Gov. Pataki's budget proposal includes a solid plan to use part of the state's national tobacco lawsuit settlement to pay off some of this state's huge debt.

That angers those who want the entire settlement spent on anti-smoking programs, but it shows fiscal responsibility. Pataki's plan calls for using $1.5 billion -- 75 percent of the state's share of payments over the first five years -- to reduce the state debt.

That's a wise choice. New York has the largest per-capita debt of any state in the nation, at $36.2 billion. Paying off part of that now will not only reduce the total debt, but save on interest payments far into the future.

There is money left for health programs from the $25 billion settlement that will be split between the state and its counties. The settlement will be paid out over the next 25 years, with the biggest payments coming toward the end of that period.

That leaves 20 years of payments, growing to $1.2 billion per year, still unallocated. Even in the first five years, $500 million would go to health programs.

The $10 million now spent each year by the state on anti-smoking programs hasn't done enough, and a state Health Department advisory panel wants an annual commitment of $250 million to the effort.

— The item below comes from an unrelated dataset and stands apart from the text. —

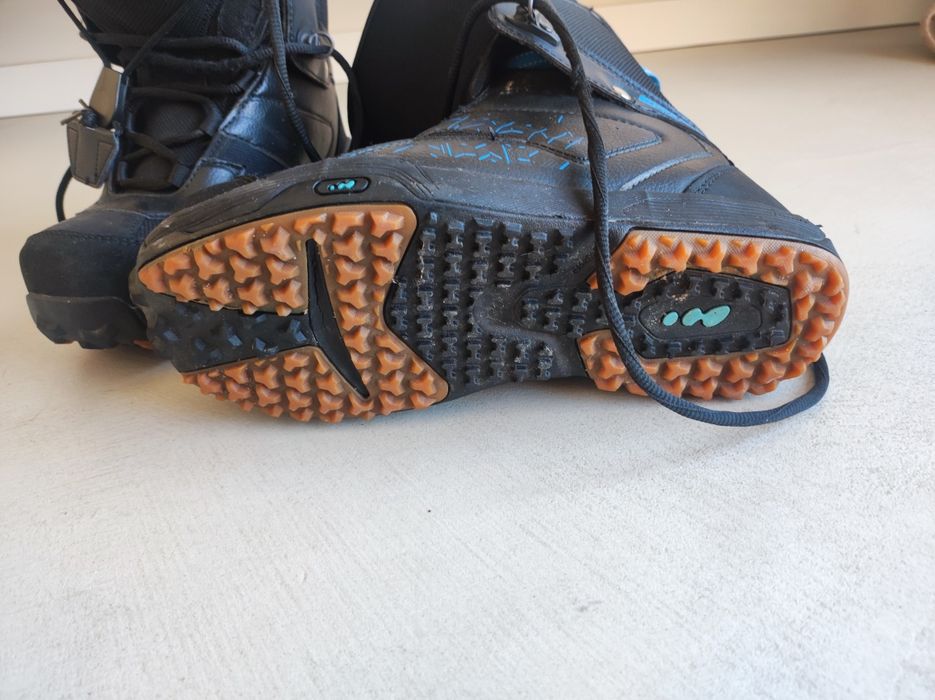 Buty snowboardowe damskie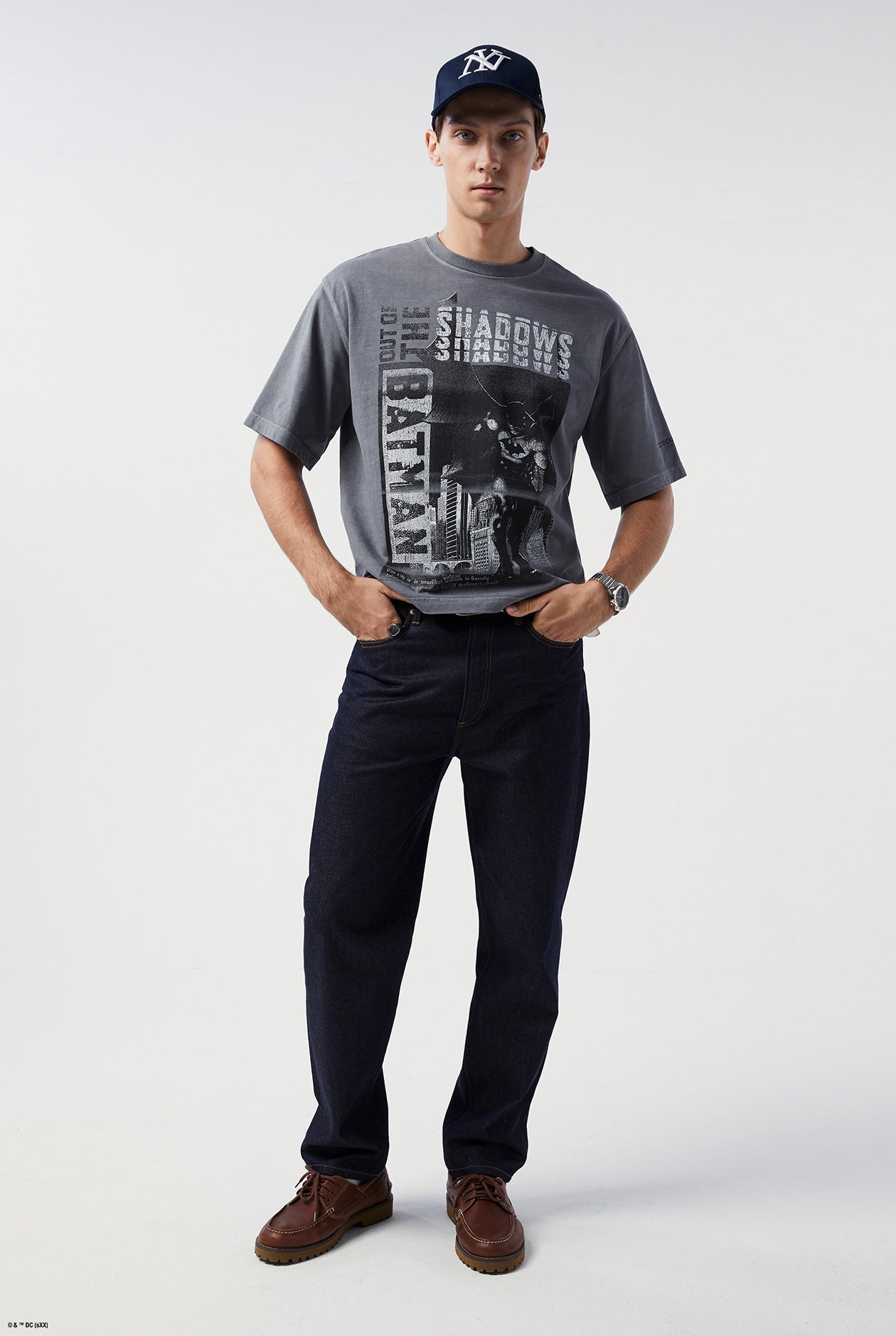 BATMAN OUT OF THE SHADOWS GRAPHIC TEE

The budget proposal falls far short of that now, but still increases the current level of spending to $19 million.

A significant part of the tobacco money that is set aside for health programs should be spent on efforts to limit teen smoking. The settlement itself did not make the tobacco companies pay enough toward that end.

The argument that all of the tobacco money should be used to fight health problems is a powerful one, and will be voiced strongly by the health-care industry and the Democrats who control the Assembly. Senate-leading Republicans, meanwhile, would rather see the cash used to cut taxes -- a stance also taken by Erie County leaders for the county's share of the settlement.

At the state level, though, using most of that money over the next five years to attack the state debt makes sense. Health-care groups should accept the challenge to design lean but effective programs in the early years, and build on them as more funding becomes available. For now, however, Pataki has put forward a sound plan.